The error message includes the following.

//anaconda3/envs/scenv/lib/python3.6/site-packages/dca/api.py in dca(adata, mode, ae_type, normalize_per_cell, scale, log1p, hidden_size, hidden_dropout, batchnorm, activation, init, network_kwds, epochs, reduce_lr, early_stop, batch_size, optimizer, learning_rate, random_state, threads, verbose, training_kwds, return_model, return_info, copy) 193 194 hist = train(adata[adata.obs.dca_split == 'train'], net, **training_kwds) --> 195 res = net.predict(adata, mode, return_info, copy) 196 adata = res if copy else adata 197

//anaconda3/envs/scenv/lib/python3.6/site-packages/dca/network.py in predict(self, adata, mode, return_info, copy, colnames) 402 name='mean')(self.decoder_output) 403 output = ColwiseMultLayer([mean, self.sf_layer]) --> 404 output = SliceLayer(0, name='slice')([output, disp, pi]) 405 406 zinb = ZINB(pi, theta=disp, ridge_lambda=self.ridge, debug=self.debug)

//anaconda3/envs/scenv/lib/python3.6/site-packages/dca/network.py in predict(self, adata, mode, return_info, copy) 200 adata.uns['dca_loss'] = self.model.test_on_batch({'count': adata.X, 201 'size_factors': adata.obs.size_factors}, --> 202 adata.raw.X) 203 204 if mode in ('latent', 'full'):

//anaconda3/envs/scenv/lib/python3.6/site-packages/keras/engine/training.py in test_on_batch(self, x, y, sample_weight) 1486 ins = x + y + sample_weights 1487 self._make_test_function() -> 1488 outputs = self.test_function(ins) 1489 return unpack_singleton(outputs) 1490

//anaconda3/envs/scenv/lib/python3.6/site-packages/keras/backend/tensorflow_backend.py in call(self, inputs) 2977 return self._legacy_call(inputs) 2978 -> 2979 return self._call(inputs) 2980 else: 2981 if py_any(is_tensor(x) for x in inputs):

//anaconda3/envs/scenv/lib/python3.6/site-packages/keras/backend/tensorflow_backend.py in _call(self, inputs) 2915 array_vals.append( 2916 np.asarray(value, -> 2917 dtype=tf.as_dtype(tensor.dtype).as_numpy_dtype)) 2918 if self.feed_dict: 2919 for key in sorted(self.feed_dict.keys()):

//anaconda3/envs/scenv/lib/python3.6/site-packages/numpy/core/_asarray.py in asarray(a, dtype, order)

ValueError: setting an array element with a sequence.

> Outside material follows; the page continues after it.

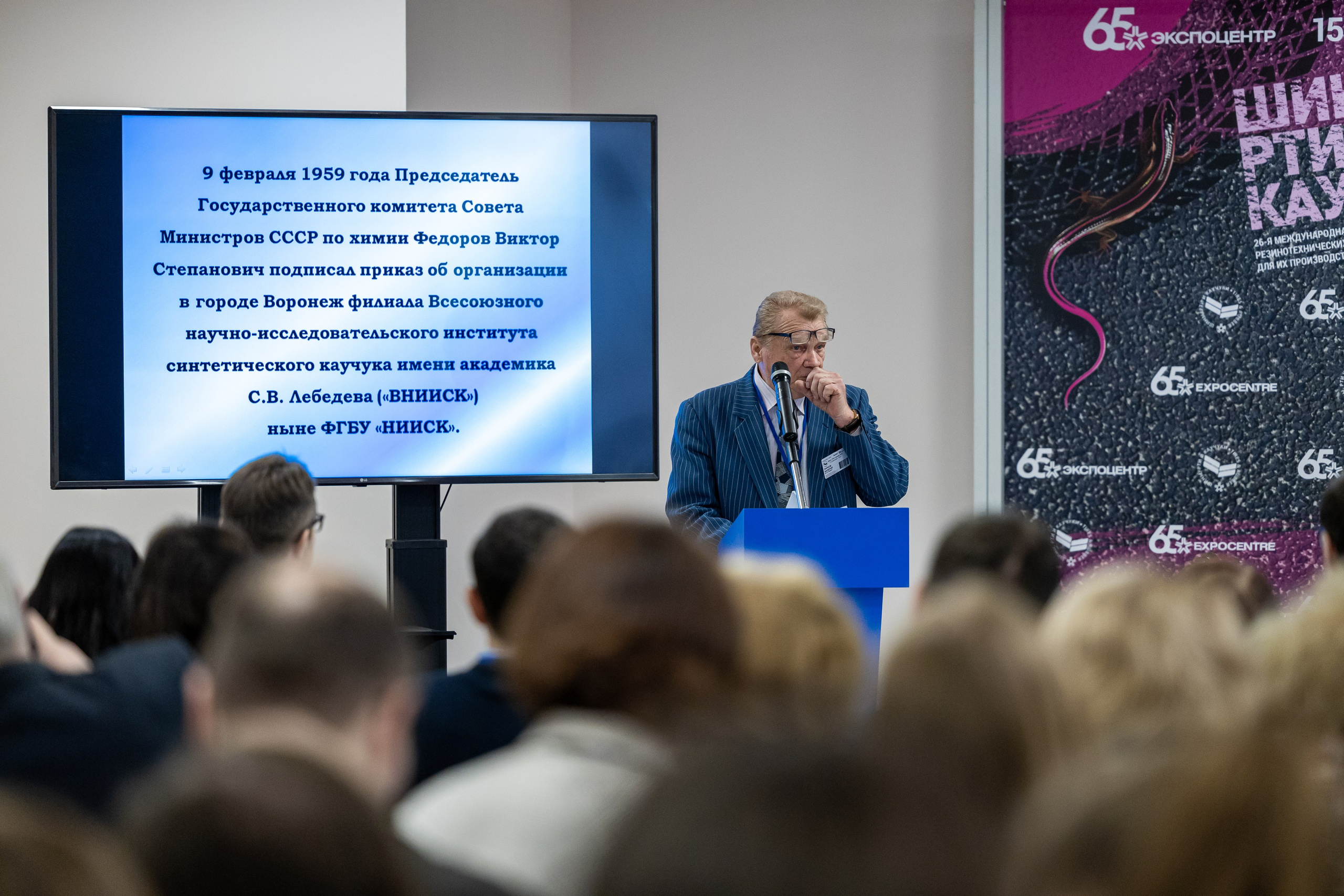 Конференция. Репортажный фотограф в Москве Екатерина Якель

This is the problem I have with mode='denoise'. I could run dca with mode='latent', but I would need the mean output, which I could not find in the anndata object even if return_info=True.

Thank you!

fangfang0906 commented 4 years ago

Hi, I ran into the same issue and found the problem. The adata.X is sparse matrix in our case. It needs to be converted to numpy array via adata.X = adata.X.toarray() before running DCA with mode "denoise". The sparse matrix works only with mode "latent".

afrendeiro commented 4 years ago

@fangfang0906 I experience the same: the problem seems specific to sparse input.